The Paradise Lost is the newly tainted and formerly unutilized part of the lazed brain suddenly awakened by ostentatious events involving one´s seeming peers. The cockroaches always resided under the refrigerator and always came out from under there at night 
to feed. You just didn´t know it was happening until something terrrible such as this occurred.


----------



## lagoloo (Apr 12, 2011)

There are rare incidents of murders involving expat victims, but thousands and thousands of Mexican lives have been lost in the Cartel wars very recently and ongoing daily. They all count. 

Anyone who thinks they are moving to Paradise when they come here is just plain uninformed or living in Margaritaville.


----------



## Hound Dog (Jan 18, 2009)

I apologize for seeming to harp on the subject of what happened a couple of days ago in what, for those of you unfamiliar with the "Lakeside" área, is one of the nicest, most affluential and civilized áreas in all of that urban zone comprising what is commonly called "Lakeside" around here. La Floresta, a self-governing Ajijic fraccionamiento developed originally in the 1960s and, today, a peaceful and leafy suburb to Ajijic Centro noted for its tree-lined ,serene and secure precincts patrolled by its own security forces, is one of the most desirable residential áreas in Lakeside and it has held that status for decades. My wife and I would live there versus the Six Corners Neighborhood of West Ajijic had there been any properties we like for sale there in 2001 when we were looking for a retirement home at Lakeside. As it came about, I often walk my dogs from Six Corners to La Floresta and then along Camino Real where this terribñle crime took place and a nicer and safer neighborhood for dog walking one cannot imagine. I will continue to do so.


What the hell is it that makes contributors from afar suddenly feel they can assess the civility and charm of any human settlement located distant from their personal bailiwick based on one instance of human depravity among many which have occurred under the radar - much less declare that instance evidence of "Paradise Lost". 

I have lived in and traveled through many "paradaisical" places all over the world but let´s just take one where an incident of a couple of days brought forth unimaginable depravity from the community´s most "civilized" elements. Near where we live in San Cristóbal de Las Casas in the Chiapas Highlands, there is the indigenous municipality of San Juan Cancuc, in the community of Cahcté where, just two days ago, two Young men from nearby Ococh were subdued , at first beaten and tortured severely and then burned alive by townspeople because they had driven through Cahcté and accidentally run over a local boy and broken his right leg. No due process. No mercy. The Lynch mod stormed the local jail, freed the incarcerated defendants and slaughtered them with no interference from local tribal law enforcement. 12 locals have been rounded up for ´presumed punishment for this savage behavior but I promise you that is going nowhere.

"Paradise Lost" my ass.


----------



## conorkilleen (Apr 28, 2010)

This is very sad to hear.


----------



## ojosazules11 (Nov 3, 2013)

I understand and agree with those posters who point to violence all over the place - some areas have more, some less, no place is exempt. Recently in a relatively safe neighbourhood in relatively safe Toronto a young man was killed, a young man whose family had left a war torn country in Africa to give their children a better and safer future. Their dream was shattered, but many others have been able to build a new future here. 

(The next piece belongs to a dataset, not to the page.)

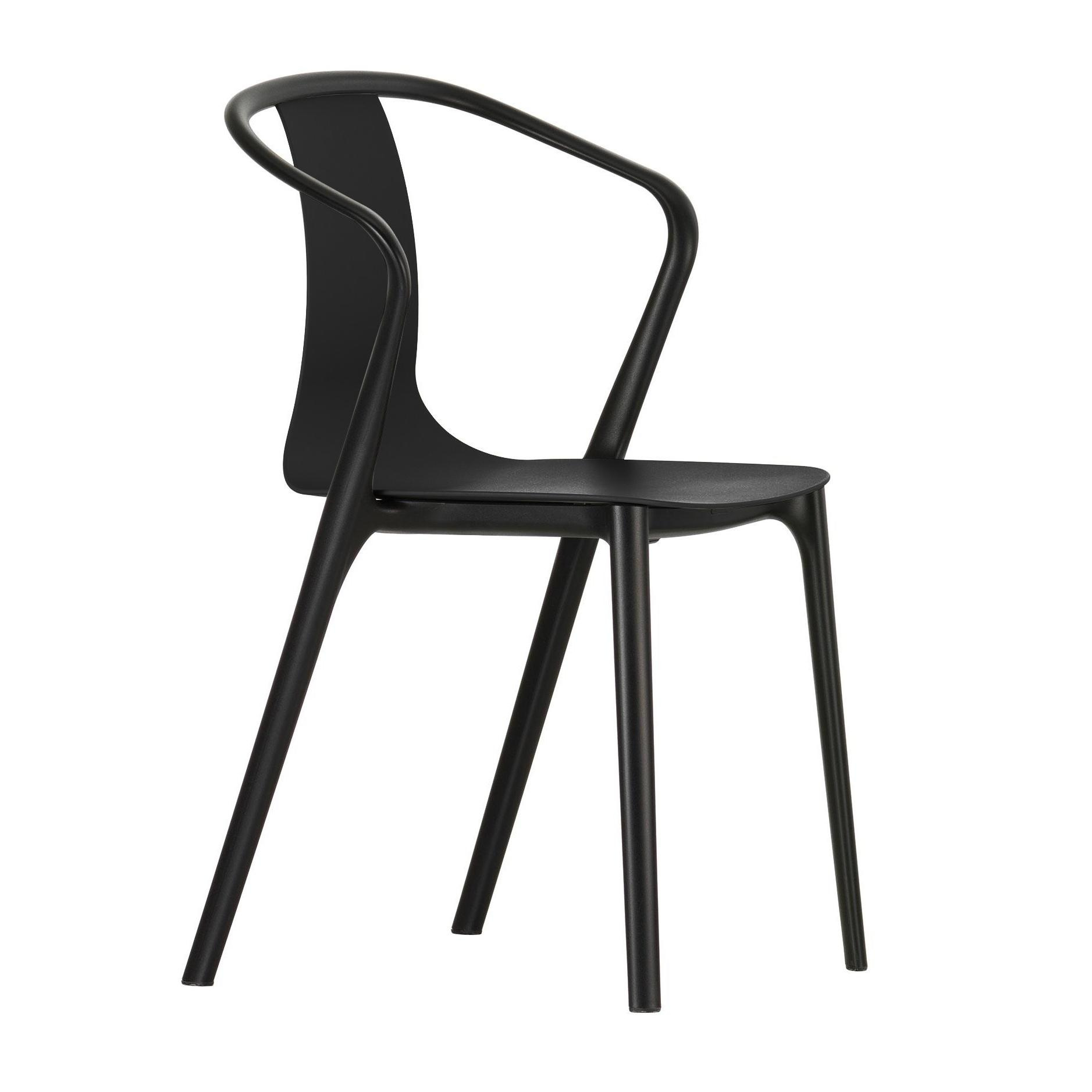 Vitra - Belleville Gartenarmlehnstuhl Kunststoff - schwarz/Sitzschale Kunststoff/Untergestell schwarz von Vitra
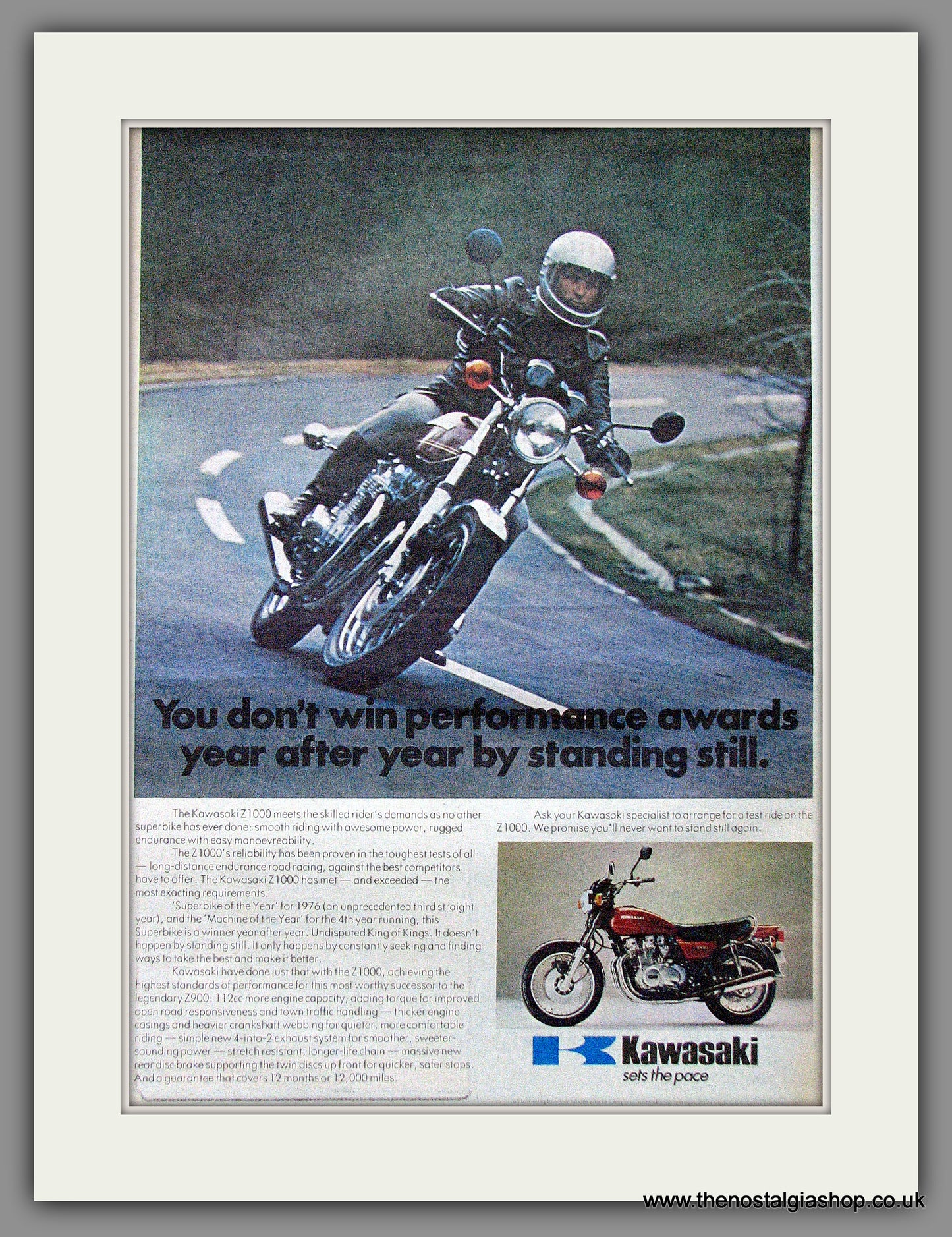 Kawasaki Z1000 Motorcycle. Original Advert 1977 (ref AD12368)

For the couple in Ajijic who tragically has been killed, their personal dream of paradise has been lost along with their lives. For the rest of the residents of Lakeside, I guess it depends on how each of them view this - as a random act of senseless violence, which can and does happen anywhere, or as a personal threat leading them to live in fear.


----------



## Longford (May 25, 2012)

Additional information:



> Six months ago, Discombe had purchased the home in the lakeside town of Ajijic, a community well-known among Canadian snowbirds and expats. More than 15,000 Canadians live or visit the tropical town each year. Last month, Kular flew down to join Discombe in Mexico, where he's been spending his winters for the last 35 years, Kular’s son told CTV Toronto.


Read more: w w w ctvnews dot ca 

(still don't know why links have been disabled)


----------



## ojosazules11 (Nov 3, 2013)

I also would like to extend my condolences to the family, and to those of you in Lakeside who may have known this couple.


----------



## citlali (Mar 4, 2013)

The head of the FGE announced that they have enough clues to arrest he suspects and that it looks like the victims knew their attackers.


----------



## lagoloo (Apr 12, 2011)

I agree with Hound Dog that La Floresta is one of the most desirable places to live in the Lakeside area; wide streets; beautiful landscaping and impressive properties. These things serve to illustrate that the bad things don't necessarily happen in the "bad" neighborhoods. Let's hope they find the perps soon so that people living in the La Floresta area can sleep better at night, though.


----------



## PanchodeSMA (Jul 25, 2013)

citlali said:


> The head of the FGE announced that they have enough clues to arrest he suspects and that it looks like the victims knew their attackers.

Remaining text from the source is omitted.